··· DATA
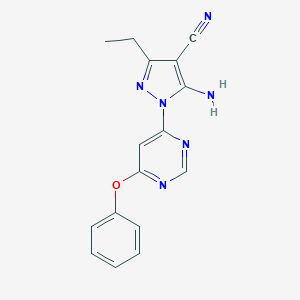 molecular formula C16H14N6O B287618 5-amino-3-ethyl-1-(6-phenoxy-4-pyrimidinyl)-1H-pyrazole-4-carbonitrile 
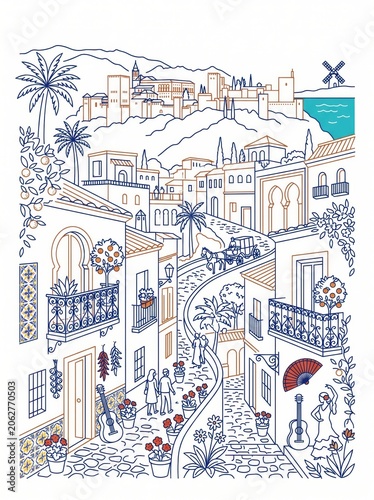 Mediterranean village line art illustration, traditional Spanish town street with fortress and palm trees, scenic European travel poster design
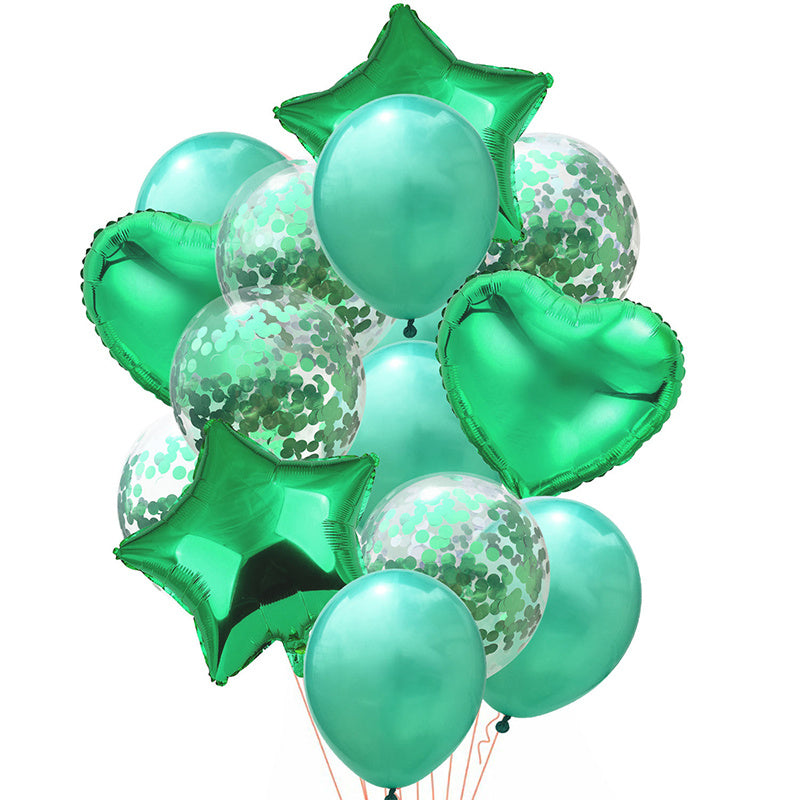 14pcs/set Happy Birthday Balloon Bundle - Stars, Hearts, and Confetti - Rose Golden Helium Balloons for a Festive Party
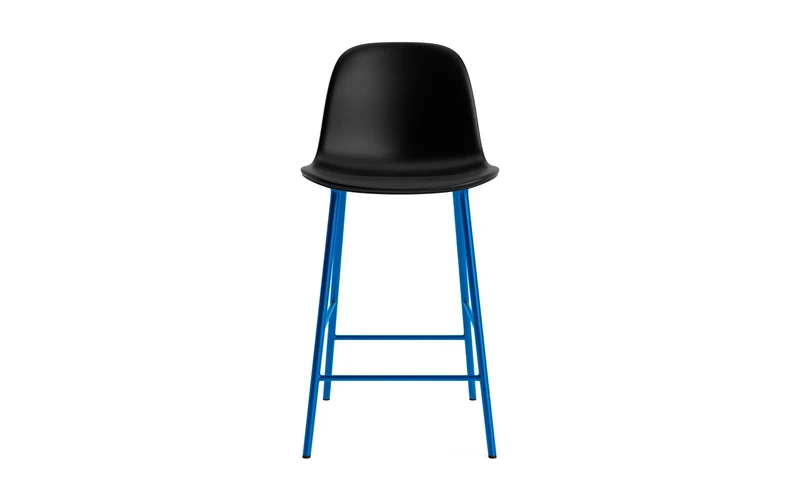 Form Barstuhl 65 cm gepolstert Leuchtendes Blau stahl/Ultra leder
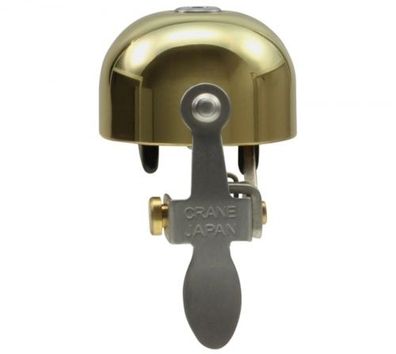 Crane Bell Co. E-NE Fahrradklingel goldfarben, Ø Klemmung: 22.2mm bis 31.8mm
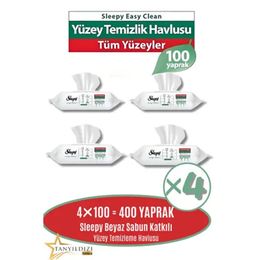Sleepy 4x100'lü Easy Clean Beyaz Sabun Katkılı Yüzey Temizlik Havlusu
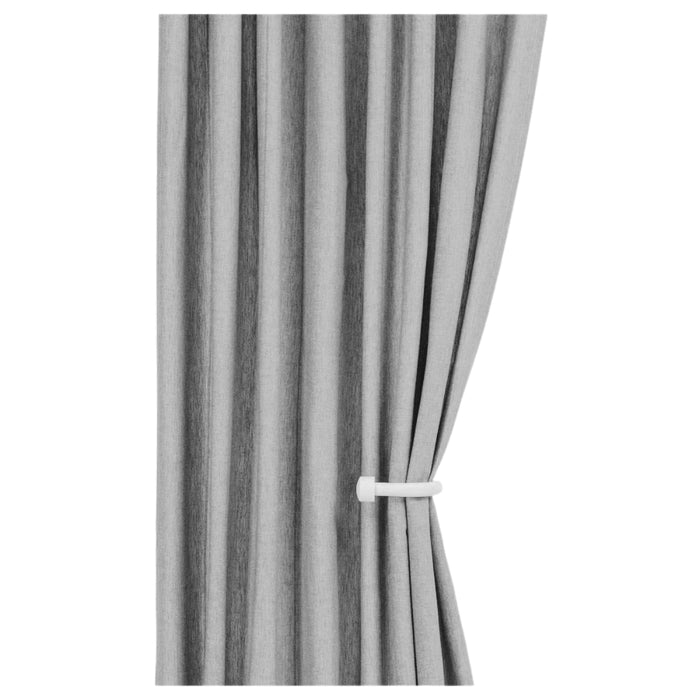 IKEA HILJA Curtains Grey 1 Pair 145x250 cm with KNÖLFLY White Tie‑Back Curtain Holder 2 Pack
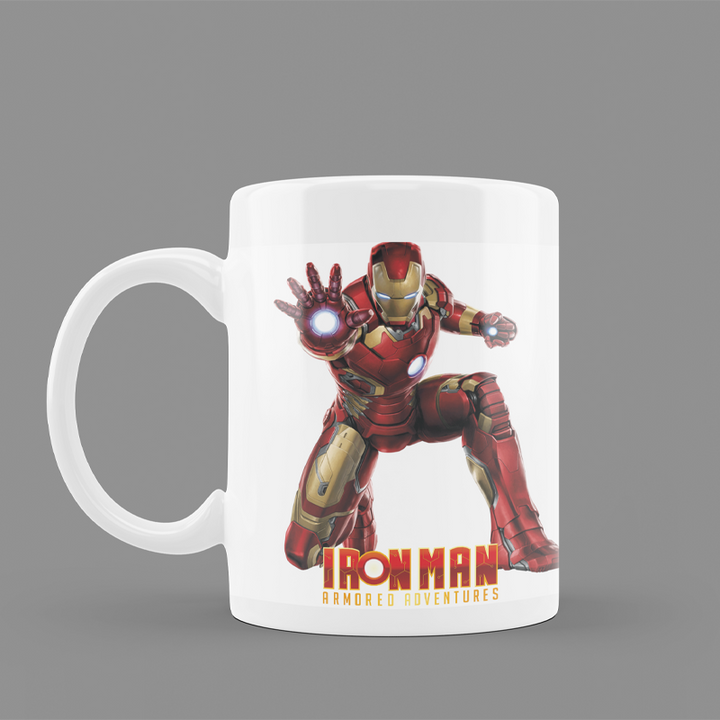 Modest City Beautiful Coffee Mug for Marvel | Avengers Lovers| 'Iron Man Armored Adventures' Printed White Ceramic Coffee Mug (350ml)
······
··· DATA
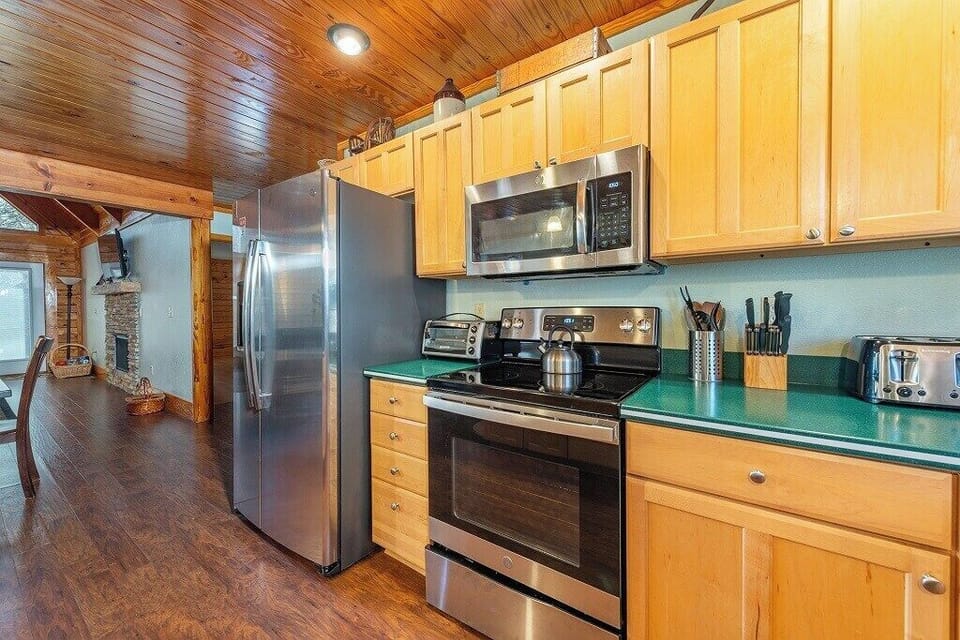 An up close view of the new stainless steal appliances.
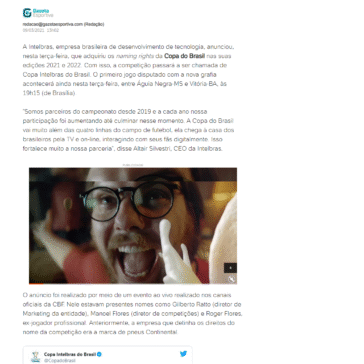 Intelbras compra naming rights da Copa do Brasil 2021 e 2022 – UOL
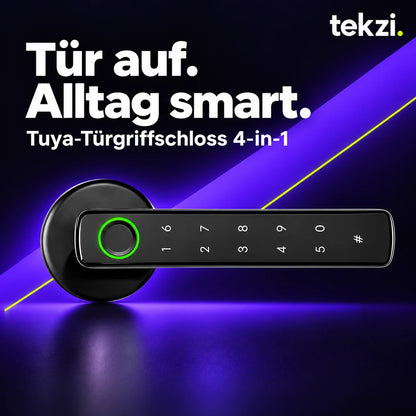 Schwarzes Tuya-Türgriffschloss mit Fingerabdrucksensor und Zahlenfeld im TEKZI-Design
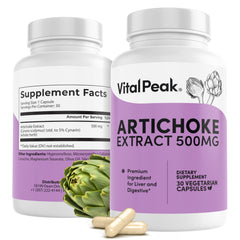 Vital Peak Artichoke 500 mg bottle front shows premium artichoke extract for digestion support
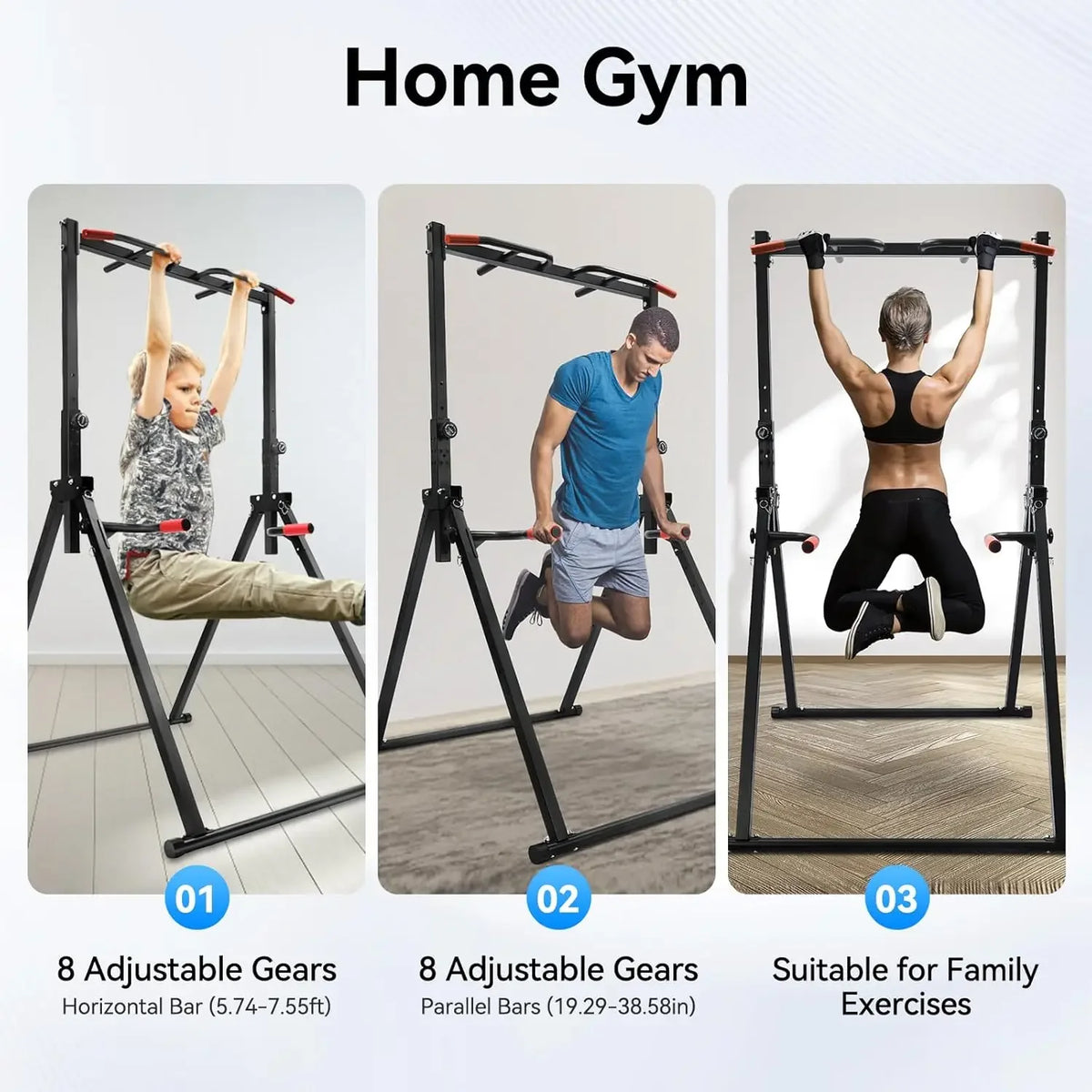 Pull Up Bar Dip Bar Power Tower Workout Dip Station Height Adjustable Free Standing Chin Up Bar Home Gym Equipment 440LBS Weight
······
··· DATA
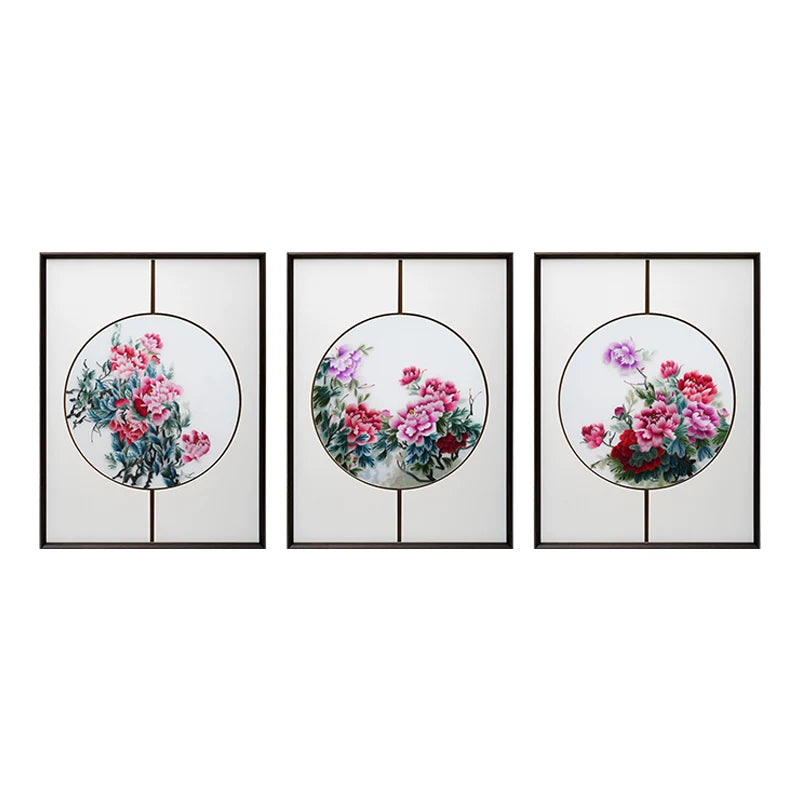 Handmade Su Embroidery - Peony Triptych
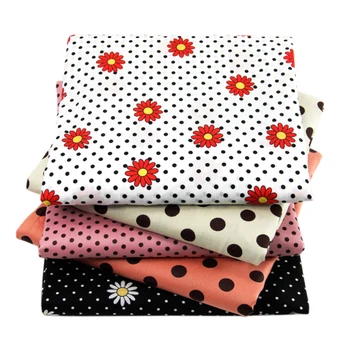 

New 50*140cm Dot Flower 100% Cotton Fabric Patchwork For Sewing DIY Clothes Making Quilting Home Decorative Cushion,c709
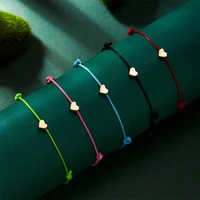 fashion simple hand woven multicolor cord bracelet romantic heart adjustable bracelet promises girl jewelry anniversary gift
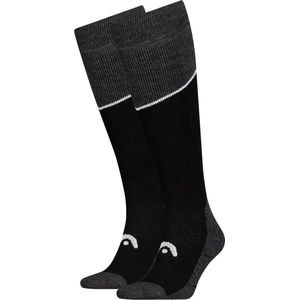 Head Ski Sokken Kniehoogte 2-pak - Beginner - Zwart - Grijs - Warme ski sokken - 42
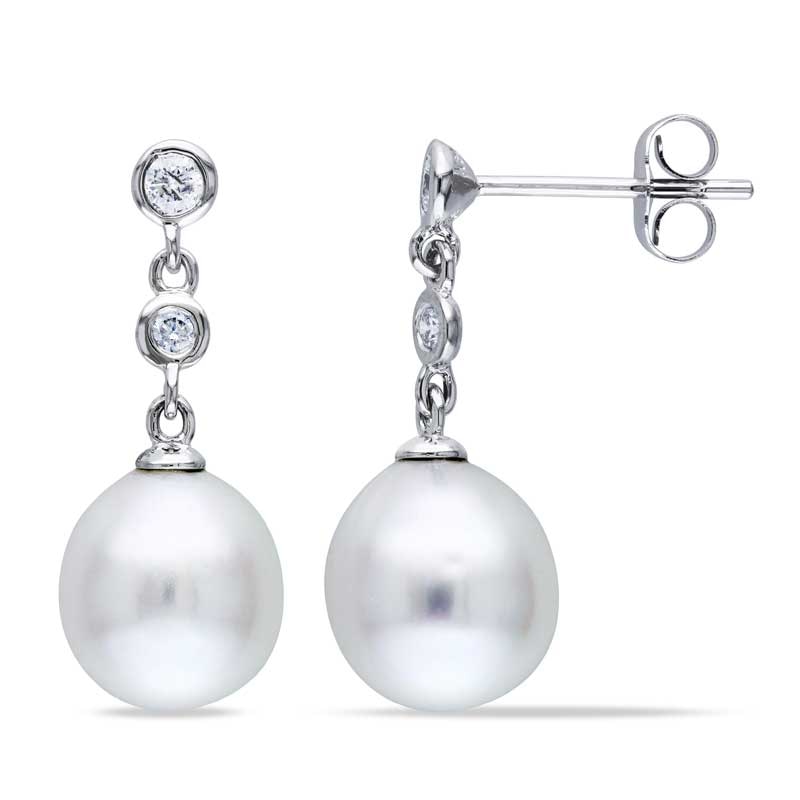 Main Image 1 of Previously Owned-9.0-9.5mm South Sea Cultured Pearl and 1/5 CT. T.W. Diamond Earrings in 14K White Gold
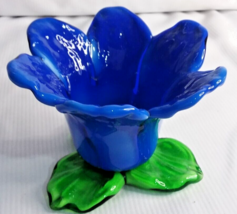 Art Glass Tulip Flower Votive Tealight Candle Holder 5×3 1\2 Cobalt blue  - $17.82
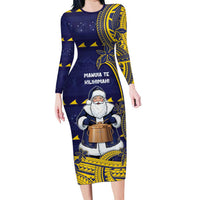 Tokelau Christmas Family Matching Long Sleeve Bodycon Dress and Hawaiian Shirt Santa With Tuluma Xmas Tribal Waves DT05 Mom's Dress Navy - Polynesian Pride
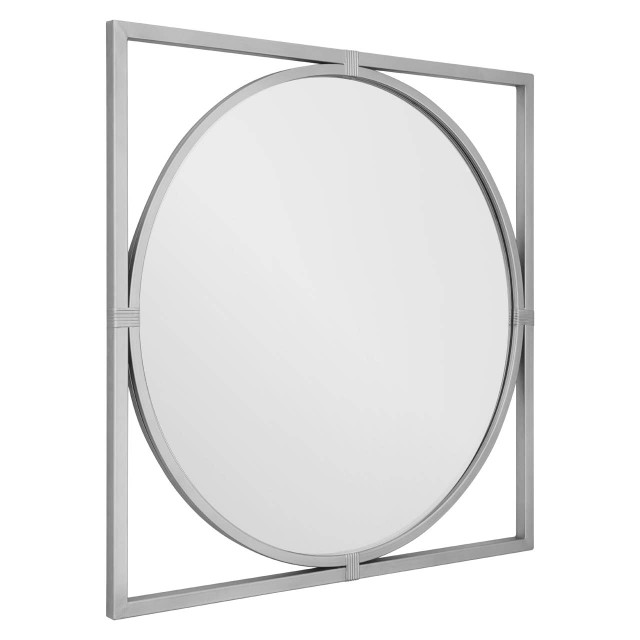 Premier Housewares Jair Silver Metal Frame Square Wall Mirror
······
### [YOUR GOAL]
Only one part of the listing is wanted: the lines from the one containing "Head Ski Sokken" through the one containing "Premier Housewares Jair", both included. Please transcribe it exactly, leaving out the pictures.

### [TASK SOLUTION]
 Head Ski Sokken Kniehoogte 2-pak - Beginner - Zwart - Grijs - Warme ski sokken - 42
 Main Image 1 of Previously Owned-9.0-9.5mm South Sea Cultured Pearl and 1/5 CT. T.W. Diamond Earrings in 14K White Gold
 Art Glass Tulip Flower Votive Tealight Candle Holder 5×3 1\2 Cobalt blue  - $17.82
 Tokelau Christmas Family Matching Long Sleeve Bodycon Dress and Hawaiian Shirt Santa With Tuluma Xmas Tribal Waves DT05 Mom's Dress Navy - Polynesian Pride
 Premier Housewares Jair Silver Metal Frame Square Wall Mirror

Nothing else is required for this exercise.